A Criação, por outro
lado, implica diversidade, pois criar o novo é criar o diferente. Para isso, na
base do processo evolucionário está a reprodução sexuada, probabilística, que,
no nível superior da Criação, supõe o encontro do homem e da mulher para criar
um indivíduo parecido com ambos, porém diferente deles. Esse processo
dialético-probabilístico vai presidir a todo o fenômeno evolucionário tanto no
mundo abiótico quanto biótico, assim como no mundo social e político.

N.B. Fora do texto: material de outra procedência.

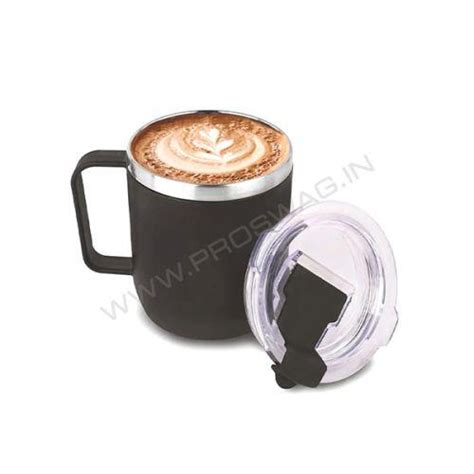 ProSwag - Create Customized Logo Printed Swag Packs, Joining Kits in India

Equilíbrio entre interesse individual e coletivo, entre individualismo
exacerbado e democracia social, entre amoralismo e moralismo, cada um desses
aspectos retrata uma característica comum a todas as populaces humanas
organizadas numa curva normal, sendo este o conceito básico para o cálculo de
probabilidade do comportamento de populações.
Uma realidade movida por
um impulso original criativo tendente à diversidade, ambos descritos por curvas
de probabilidade, revela um Criador que tem, em sua natureza, aspectos
quântico-deterministas. Dessa forma, quando Monod fala em acaso, ele não
precisa de ser interpretado imediatamente como um ateu: o acaso, outro nome
para probabilidade, pode estar no plano evolucionário do Criador junto com o
determinismo. E é justamente isso que postula o grande matemático
norte-ameriano David Bartholomew, que conheci por textos recentemente, depois
de ter escrito “A Razão de Deus”. Defendemos o mesmo conceito de um plano de
Criação que inclui o acaso – no caso dele, como católico, no meu, como não
religioso.
Quanto a Richard
Dawkins, ele gasta grande parte dos livros dele atacando as religiões, uma
outra parte defendendo o evolucionismo das espécies vivas e muito pouca coisa
discutindo a origem da vida em si, que remete a processos físico-químicos
análogos aos da competição e seleção natural dos seres vivos. O conceito mais
difundido dele é o do gene “egoísta” posteriormente estendido a aspectos
culturais com o conceito de meme (depois abandonado). Em sua concepção, toda a
evolução se dá no nível de mudanças genéticas, sendo que os genes “submetem” os
organismos a seus impulsos de reprodução e diversificação. É uma tese altamente
especulativa, mas, curiosamente, não entra em contradição com a hipótese de um
Criador natural quando limitada ao terreno biológico. Mas contraria a ideia de
um Criador animado por um impulso de criar outros criadores no nível do DNA,
num processo determinístico-probabilístico.
Acredito que existe uma
porta aberta para entender a Criação e dela inferir um Criador no nível
filosófico, inclusive quanto ao fato de o Criador não se revelar à pesquisa
científica, neste caso devido a sua natureza físico-quântica inapreensível pela
linguagem humana. Também sou bastante cético quanto à possibilidade do
entendimento da vida, ou seja, a passagem do abiótico para o biótico no nível
científico. Contudo, teses como a de Dawkins me deixam apreensivo quanto às
consquências éticas do ateísimo. O gene egoísta não me parece propriamente uma
hipótese científica, mas uma justificação em nível genético do darwinismo
social de Spencer (anterior a Darwin), de Margaret Thatcher e de Reagan. O
primeiro experimento para “provar” a origem natural da vida foi realizada por
Oparin, igualmente ateu, um serviçal de Stalin muito ligado ao mistificador
Lysenko, assim como eram ateus os eugenistas do III Reich.
Claro que isso não
significa que todo ateu tenha uma ética não humanista. Significa simplesmente
que atribuir ao deísmo as grandes mazelas históricas é um excesso. Houve muitas
guerras religiosas na Europa, sobretudo antes dos tratados de Westfalia, mas as
maiores catástrofes bélicas de todos os tempos, a Primeira e a Segunda Guerra
Mundial, assim como as guerras napoleônicas dos séculos XVIII e XIX, foram
travadas por razões geopolíticas, políticas, de honra etc etc, sem qualquer
resquício de motivação ideologica. Em termos contemporâneos, exceto no caso de
grupos radicais pouco representatives do sistema central de crenças, não vejo
nenhuma ameaça especial da crença em Deus e no seu ensino em escolas
religiosas. Também não acho que se deva ensinar ateísmo em escolas públicas. A
questão da existência ou não de um Criador deve ser apresentada como um tema
aberto, equilibrado entre a Ciência e a Filosofia, a ser discutido até o fim
dos tempos como estamos fazendo aqui.